Shame has the meticulous craft and deadly-serious tone that are by now McQueen’s trademarks, but it almost completely eschews the sympathy that Hunger had for its main character. It fact, it goes exactly the opposite route, giving Michael Fassbender (who also provided an icily magnificent lead performance for Hunger) the role of an ostensibly vapid man, a sex addict who seems to have given up searching for his soul and leaving the question of whether we should feel anything for him pretty much open. In the process, Shame is left frustratingly, perhaps intentionally, empty; it lacks punch, human (though not sexual) rawness, moral heft — things that are not so clearly missing in films (like Hunger) that focus more on physical than emotional damage. In movies like this one — that is, beautifully crafted analyses of mature themes — a moral center is generally expected, and the lack of one is a serious white elephant in the theater. Since McQueen seems to be one of the most assured directors to have started making films in the past few years, the real question is whether he means us to feel as much nothing as his characters.

Fassbender’s sex addict, Brandon, supports his habit with a lackluster career as a mid-level ad executive (or some such moderately well-paying Manhattan office drone). His sister, Sissy (Carey Mulligan), is an itinerant lounge singer with frequent man problems and a habit of dropping in on his life, desperate and uninvited. After ignoring her voicemail pleas for weeks, Brandon comes home one day to find Sissy in his apartment, taking a shower, with her bags already unpacked. It’s a disturbing thought for him to allow anyone, let alone a close relative, into his life, but we get the impression (through Fassbender’s solid but emotive face) that he feels enough perfunctory brotherly love to let her stay.

They don’t live well together. When she walks in on him masturbating, or discovers porn left open on his laptop, or sleeps with his boss, a womanizer without Brandon’s skill for the trade, she turns the life he’s built, based almost exclusively on sexual gratification, upside down. Watching their relationship grow tense and unravel, like watching Brandon’s frequent empty sexual encounters, is as painful as McQueen means it to be. The more pain the siblings bring up for one another, the more strongly we sense that something awful must have happened to them in childhood, because Brandon and Sissy both emerge, through McQueen’s oblique storytelling, as tortured people who have been forced to rely on one another, mostly at great personal cost. We don’t know who abused or abandoned them, or how long they’ve been quietly suffering through life. We know that Sissy wants men to love her, while Brandon just wants to stew in his own sexual juices. Everything else is for the inference.

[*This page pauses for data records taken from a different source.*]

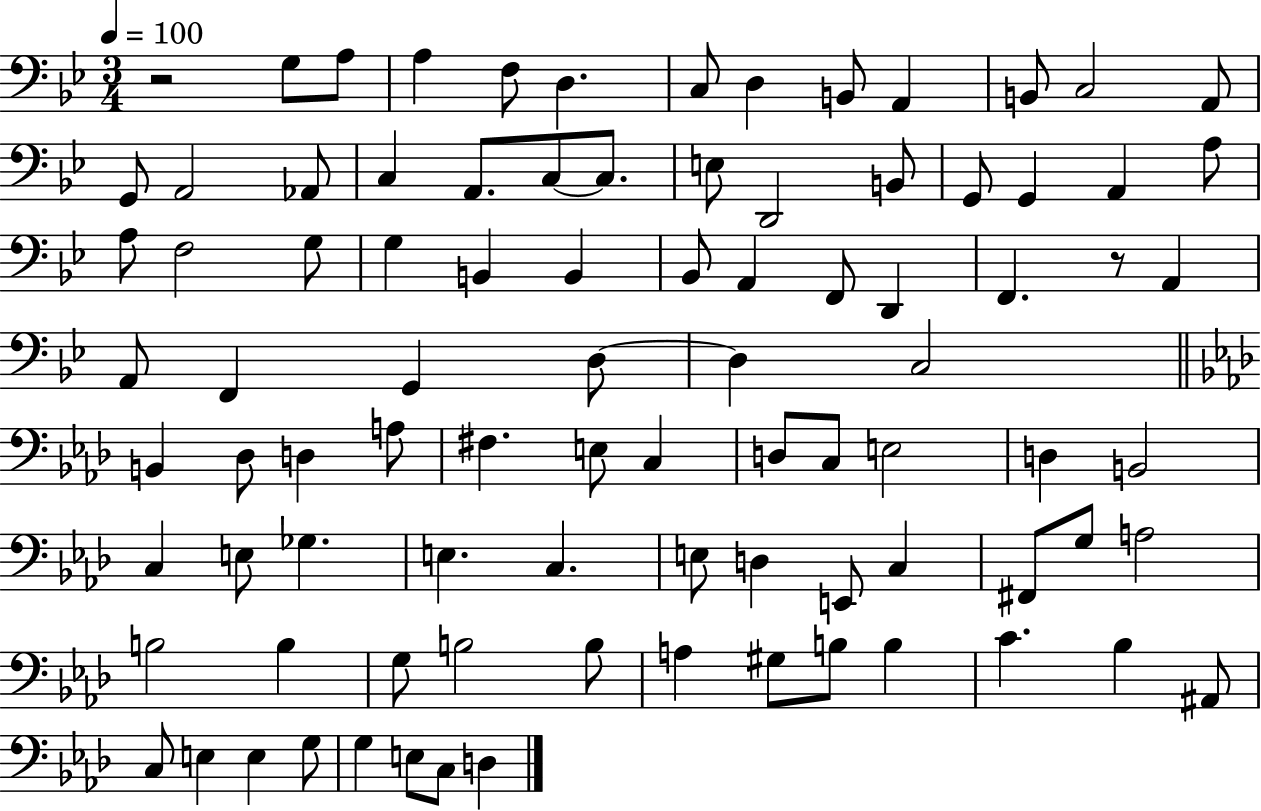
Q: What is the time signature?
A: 3/4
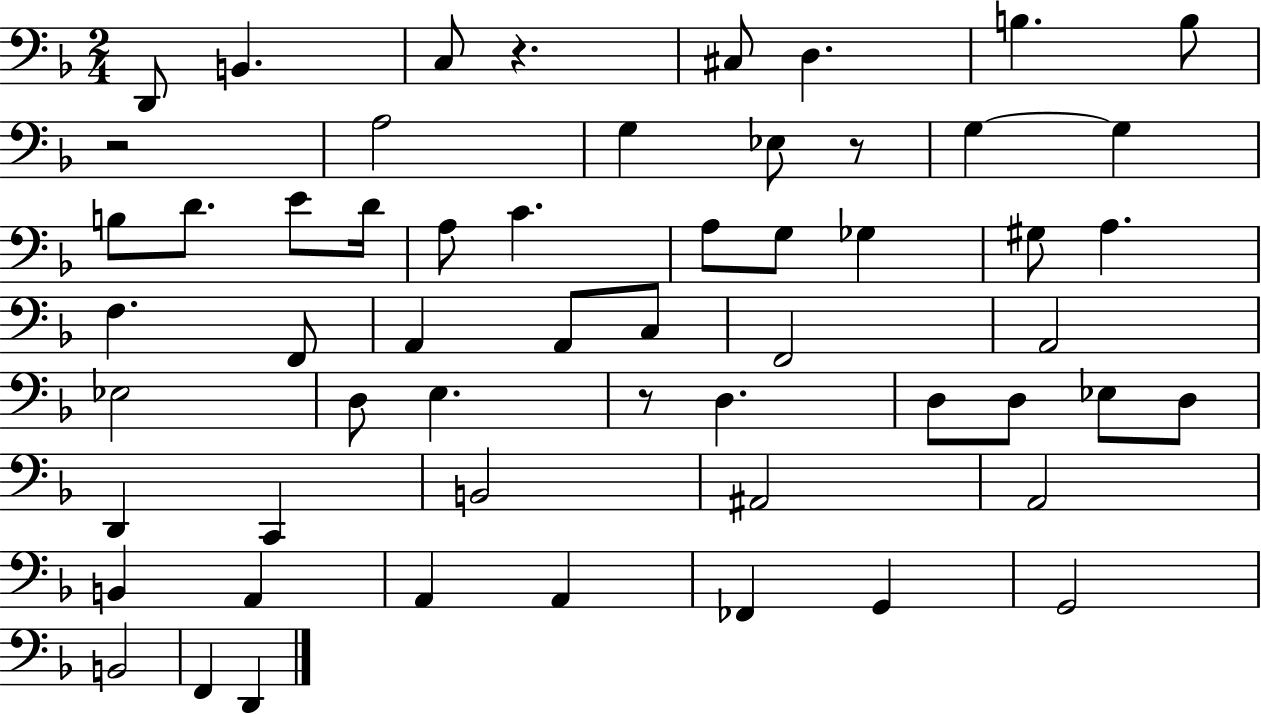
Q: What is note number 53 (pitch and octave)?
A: D2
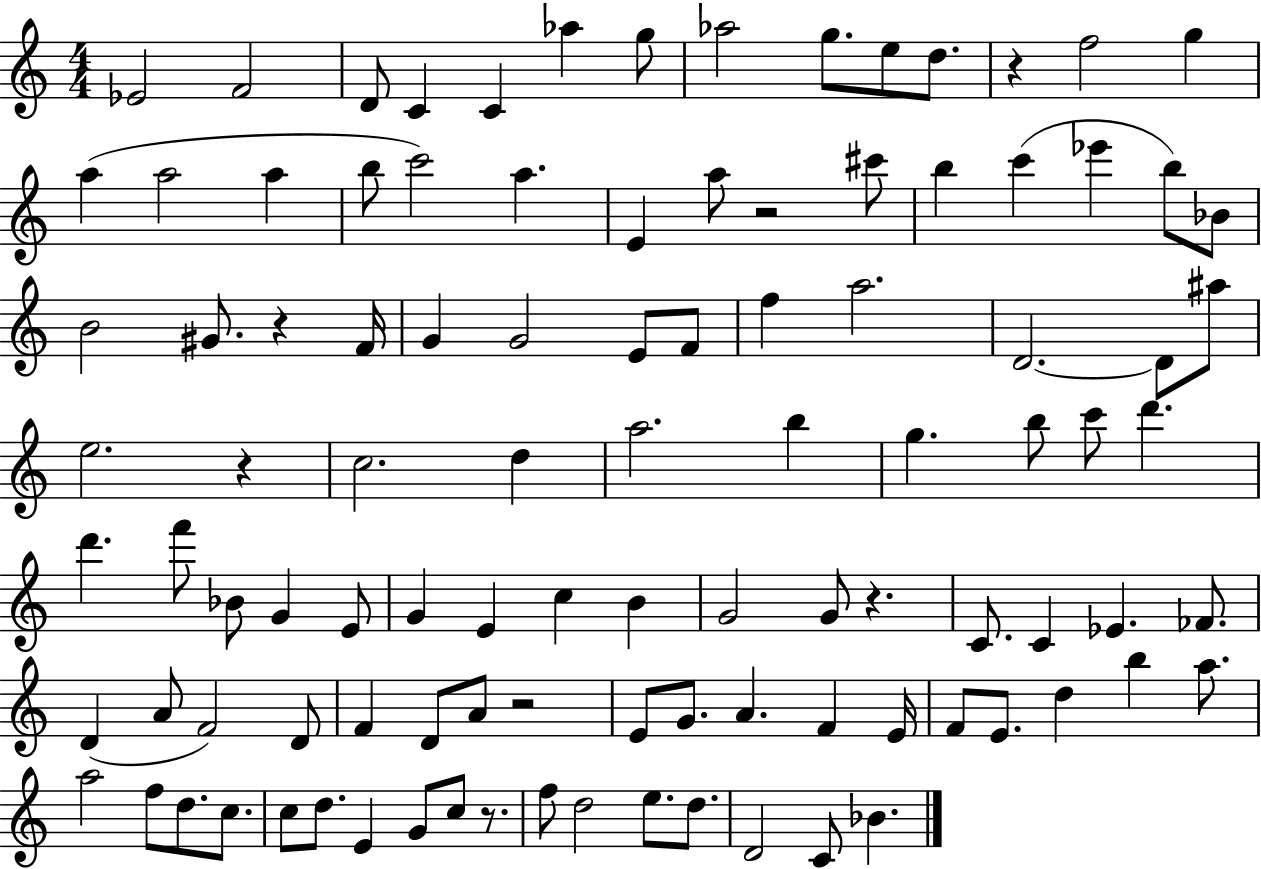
X:1
T:Untitled
M:4/4
L:1/4
K:C
_E2 F2 D/2 C C _a g/2 _a2 g/2 e/2 d/2 z f2 g a a2 a b/2 c'2 a E a/2 z2 ^c'/2 b c' _e' b/2 _B/2 B2 ^G/2 z F/4 G G2 E/2 F/2 f a2 D2 D/2 ^a/2 e2 z c2 d a2 b g b/2 c'/2 d' d' f'/2 _B/2 G E/2 G E c B G2 G/2 z C/2 C _E _F/2 D A/2 F2 D/2 F D/2 A/2 z2 E/2 G/2 A F E/4 F/2 E/2 d b a/2 a2 f/2 d/2 c/2 c/2 d/2 E G/2 c/2 z/2 f/2 d2 e/2 d/2 D2 C/2 _B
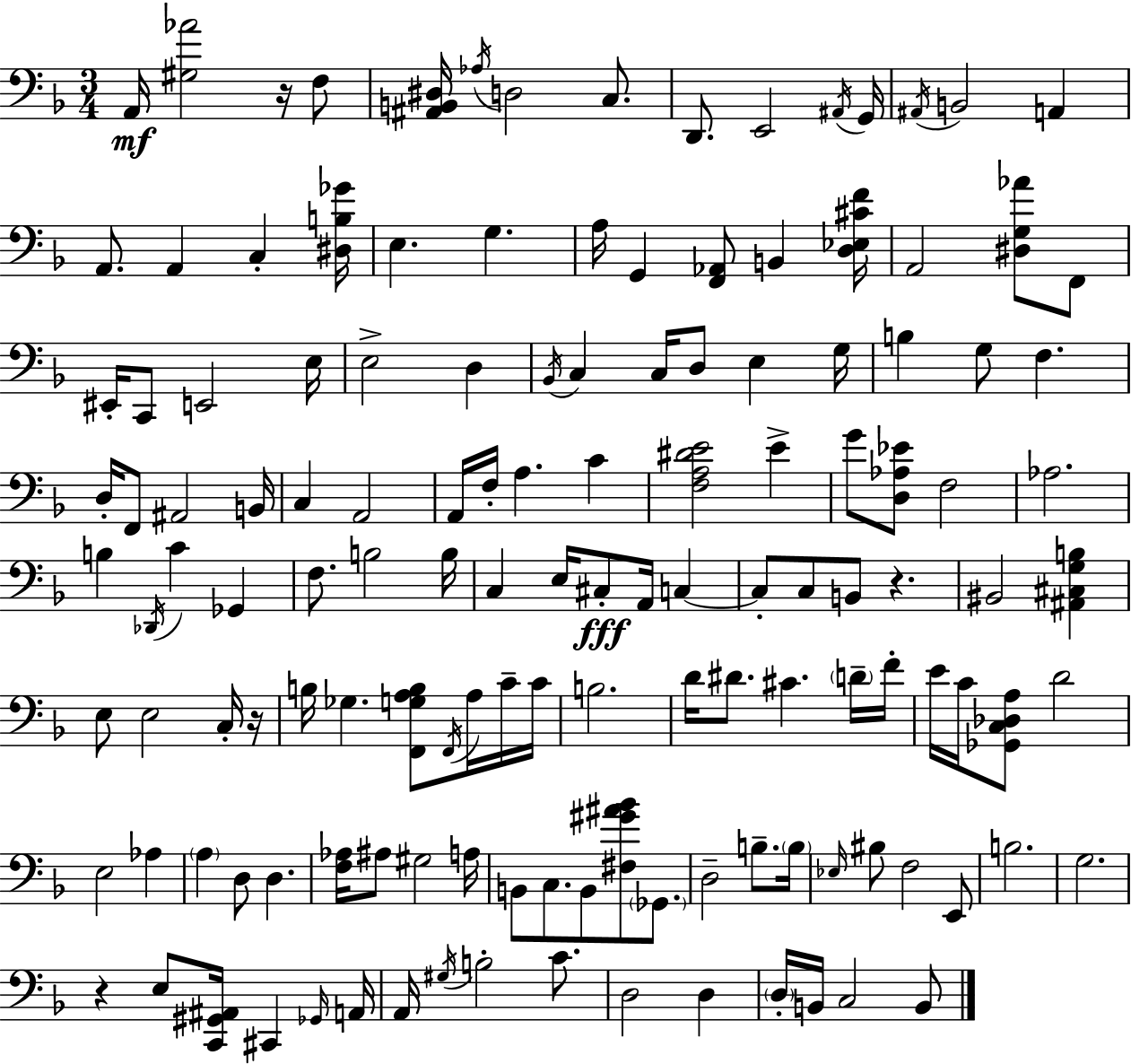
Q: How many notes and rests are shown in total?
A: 138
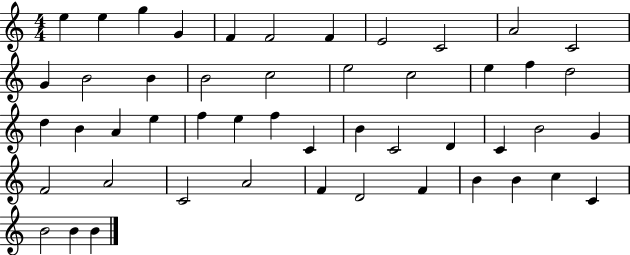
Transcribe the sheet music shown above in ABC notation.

X:1
T:Untitled
M:4/4
L:1/4
K:C
e e g G F F2 F E2 C2 A2 C2 G B2 B B2 c2 e2 c2 e f d2 d B A e f e f C B C2 D C B2 G F2 A2 C2 A2 F D2 F B B c C B2 B B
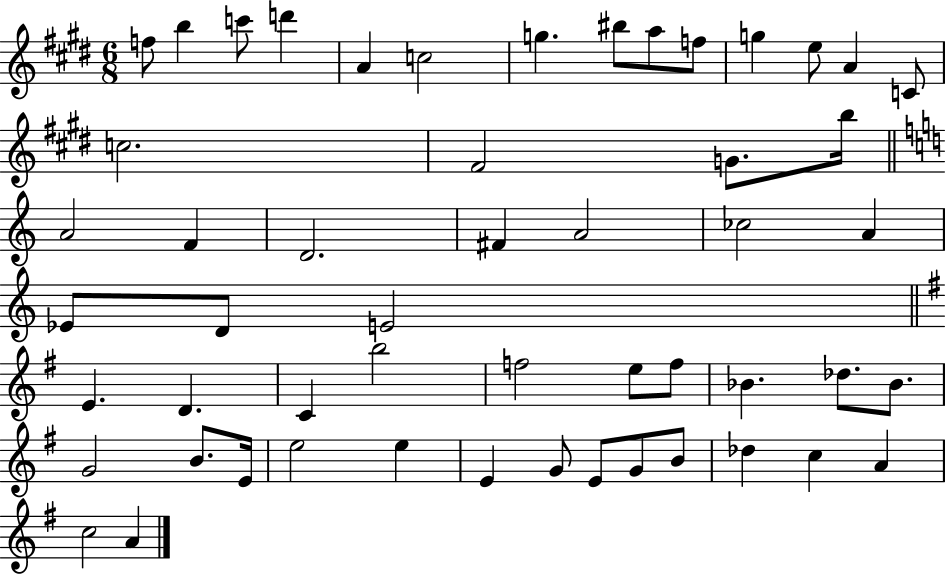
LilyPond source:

{
  \clef treble
  \numericTimeSignature
  \time 6/8
  \key e \major
  \repeat volta 2 { f''8 b''4 c'''8 d'''4 | a'4 c''2 | g''4. bis''8 a''8 f''8 | g''4 e''8 a'4 c'8 | \break c''2. | fis'2 g'8. b''16 | \bar "||" \break \key c \major a'2 f'4 | d'2. | fis'4 a'2 | ces''2 a'4 | \break ees'8 d'8 e'2 | \bar "||" \break \key g \major e'4. d'4. | c'4 b''2 | f''2 e''8 f''8 | bes'4. des''8. bes'8. | \break g'2 b'8. e'16 | e''2 e''4 | e'4 g'8 e'8 g'8 b'8 | des''4 c''4 a'4 | \break c''2 a'4 | } \bar "|."
}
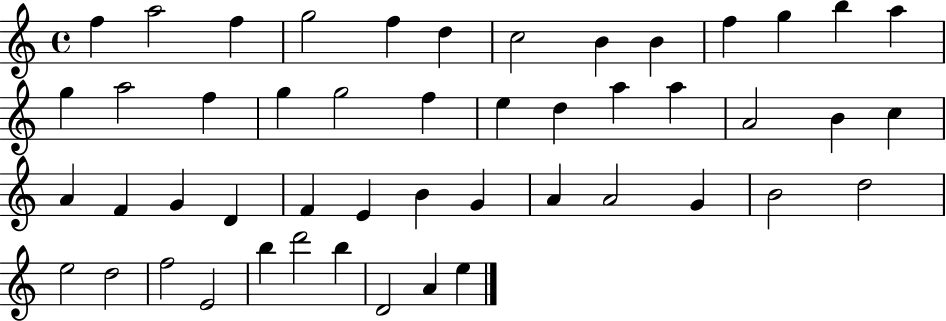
F5/q A5/h F5/q G5/h F5/q D5/q C5/h B4/q B4/q F5/q G5/q B5/q A5/q G5/q A5/h F5/q G5/q G5/h F5/q E5/q D5/q A5/q A5/q A4/h B4/q C5/q A4/q F4/q G4/q D4/q F4/q E4/q B4/q G4/q A4/q A4/h G4/q B4/h D5/h E5/h D5/h F5/h E4/h B5/q D6/h B5/q D4/h A4/q E5/q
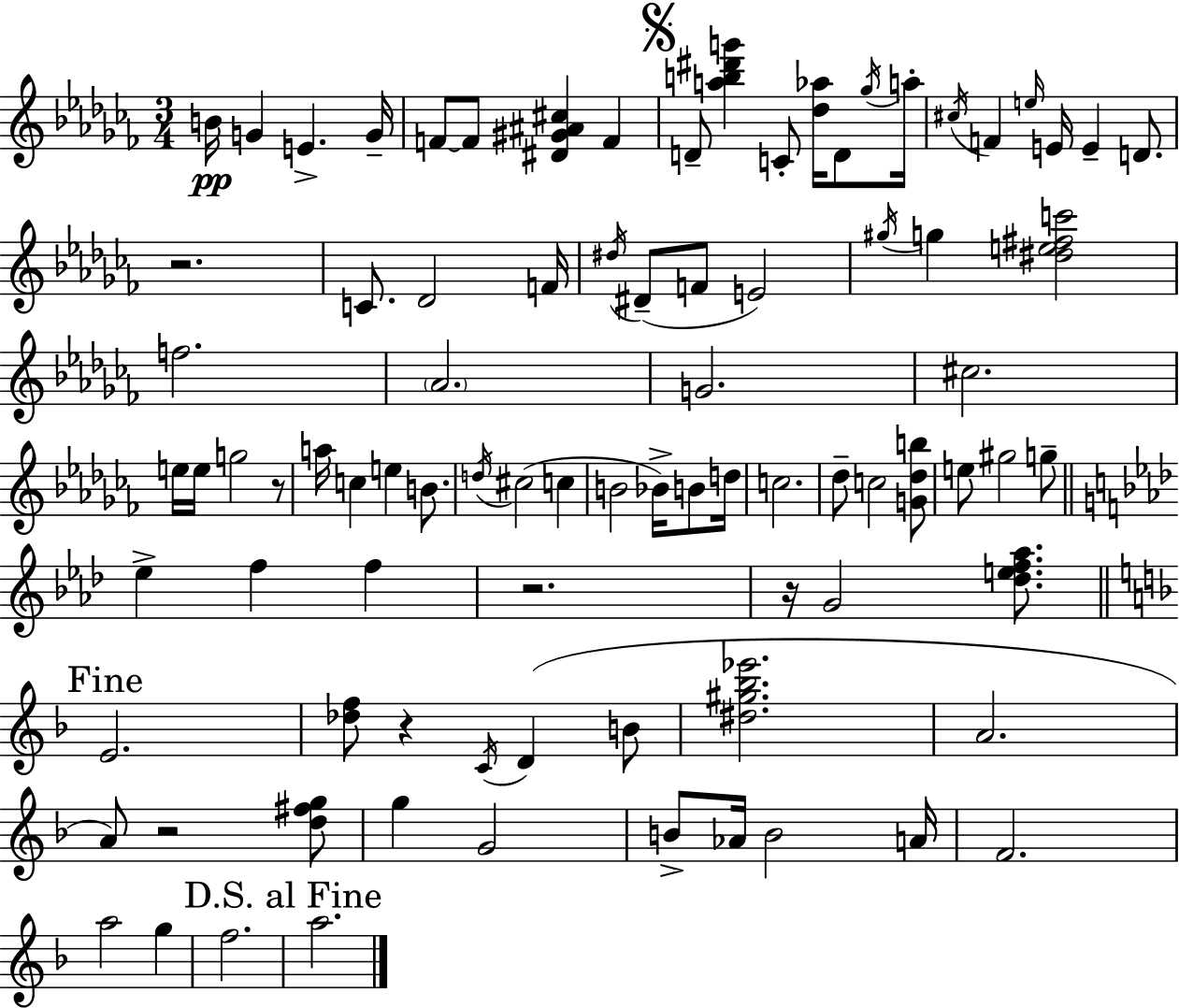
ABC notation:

X:1
T:Untitled
M:3/4
L:1/4
K:Abm
B/4 G E G/4 F/2 F/2 [^D^G^A^c] F D/2 [ab^d'g'] C/2 [_d_a]/4 D/2 _g/4 a/4 ^c/4 F e/4 E/4 E D/2 z2 C/2 _D2 F/4 ^d/4 ^D/2 F/2 E2 ^g/4 g [^de^fc']2 f2 _A2 G2 ^c2 e/4 e/4 g2 z/2 a/4 c e B/2 d/4 ^c2 c B2 _B/4 B/2 d/4 c2 _d/2 c2 [G_db]/2 e/2 ^g2 g/2 _e f f z2 z/4 G2 [_def_a]/2 E2 [_df]/2 z C/4 D B/2 [^d^g_b_e']2 A2 A/2 z2 [d^fg]/2 g G2 B/2 _A/4 B2 A/4 F2 a2 g f2 a2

McQueen is obviously intensely interested in whatever unspoken trauma haunts Brandon and Sissy; if he wasn’t, he wouldn’t have put so much care into this film. But without a historical character like Bobby Sands to ground us in place and perspective (nearly everything in Shame is set in a glassy, dark blue, upper-class Manhattan), he has taken a turn into a very artistic form of detachment. McQueen makes — and it is undeniable that every aspect of his films are intentional — Brandon as empty for us as he must feel about himself. While this often feels like the coup of a sadistic craftsman (a modern-day Kubrick), it’s also the work of man far above condemning people for their flaws. If McQueen intentionally dropped the pathos after dealing with Bobby Sands — if he thinks that the best way to get us care about Brandon is to make us feel Brandon’s emptiness — he may be one of the most clever filmmakers alive.